By Miriam Hall | Bisnow, New York City | October 11, 2021

Foreign commercial real estate buying lessened during the coronavirus pandemic, as the U.S borders slammed shut. But overseas buyers are said to be returning, albeit slowly, to the market.

“You just can’t get over borders easily,” Jason Weissman, the founder of Boston Realty Advisors, said during Bisnow’s National Real Estate Finance Summit in Manhattan last week. “We’ve functioned very well, actually, domestically here considering that the international capital really has not been on our soil.”

The impact of the crisis on the foreign investment appetite is certainly showing up in the numbers. In the first half of the year, inbound capital investment in commercial real estate fell to $11.6B, according to CBRE data.

That marks a 6% drop from the same time period the year before and the weakest first six months of a year since 2013. Even industrial assets, a class that has attracted significant interest from investors of all stripes, saw a 21% drop in foreign capital in the first half of 2021 from 2020. Office, by comparison, went down by only 5%, a possible indication that part of the market is beginning to stabilize, per CBRE.

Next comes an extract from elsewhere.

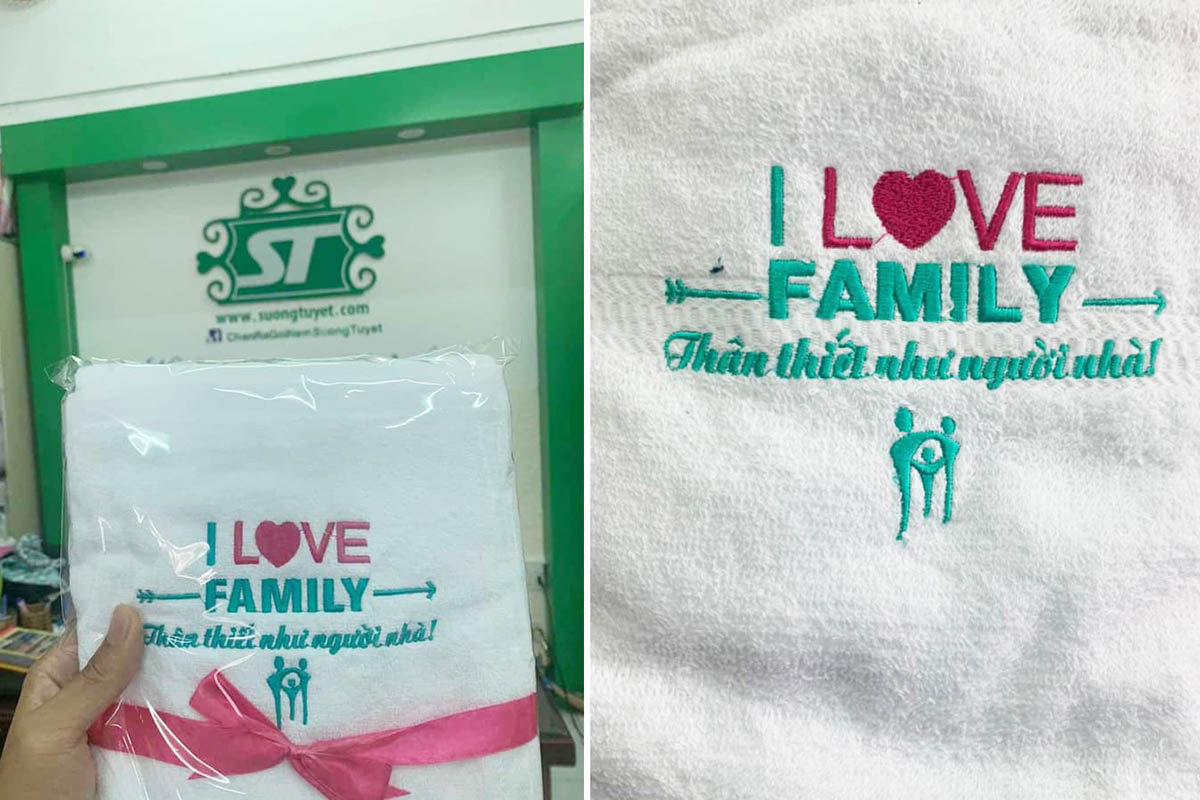Mẫu khăn bệnh viện được chần logo bắt mắt.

“From where I sit, [foreign investment] certainly was a big part of the conversation pre-Covid, especially cheap debt coming from South Korea specifically,” Newmark Senior Managing Director Chris Kramer said. “I just got an email from a foreign lender the other day. [they’d] replied to a deal a month ago and passed on it, [but] they said, ‘Hey, by the way, we’re interested in New York and sort of the surrounding New York area again.’ So it seems like we might be starting to see it pick up.”

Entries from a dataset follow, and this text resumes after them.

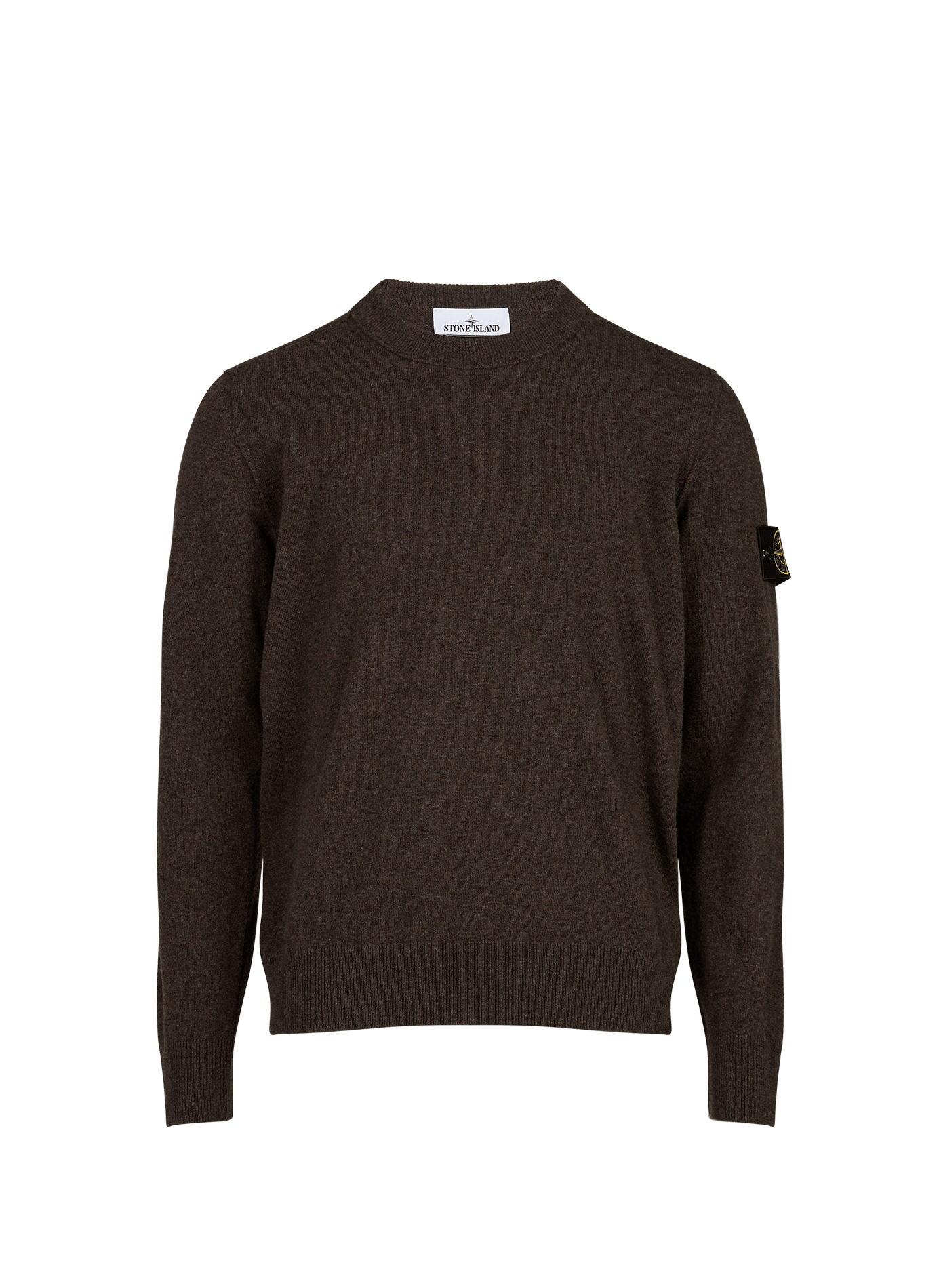 Gerader Rundhalsausschnitt-Pullover aus Wolle STONE ISLAND Grau
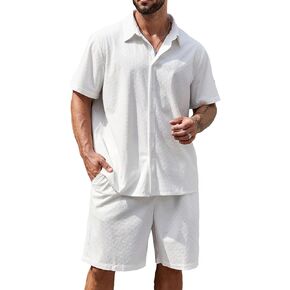Verdusa Men's Plus Size 2 Piece Outfits Collar Shirt Top and Shorts Tracksuit Set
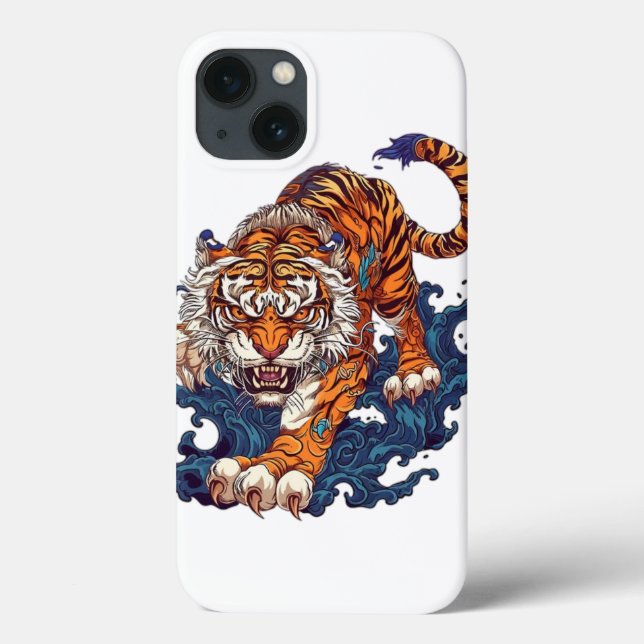 Funda De Case-Mate Para iPhone Salto de tigre de fuego en craiyon (Reverso)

There are still several presidential proclamations in place restricting travel to the U.S. from places like China, the United Kingdom and the European Schengen area, which includes countries typically active in New York City real estate, such as France, Germany and Norway. But last month, the White House announced that as of November the U.S. will reopen to fully vaccinated travelers from 33 countries that are currently under restrictions.

“Anecdotally, we’ve got significant capital inflows during the course of this year from Canadians, Germans, Danish,” Nuveen Chief Investment Officer Shawn Lese said. “This week alone, I’ve probably got four or five meetings with South Korean partners who are able to apply again and are very happy to come out and start looking at transactions.”

He added the investors who have become more active are largely from family offices and pension funds, rather than the sovereign wealth funds.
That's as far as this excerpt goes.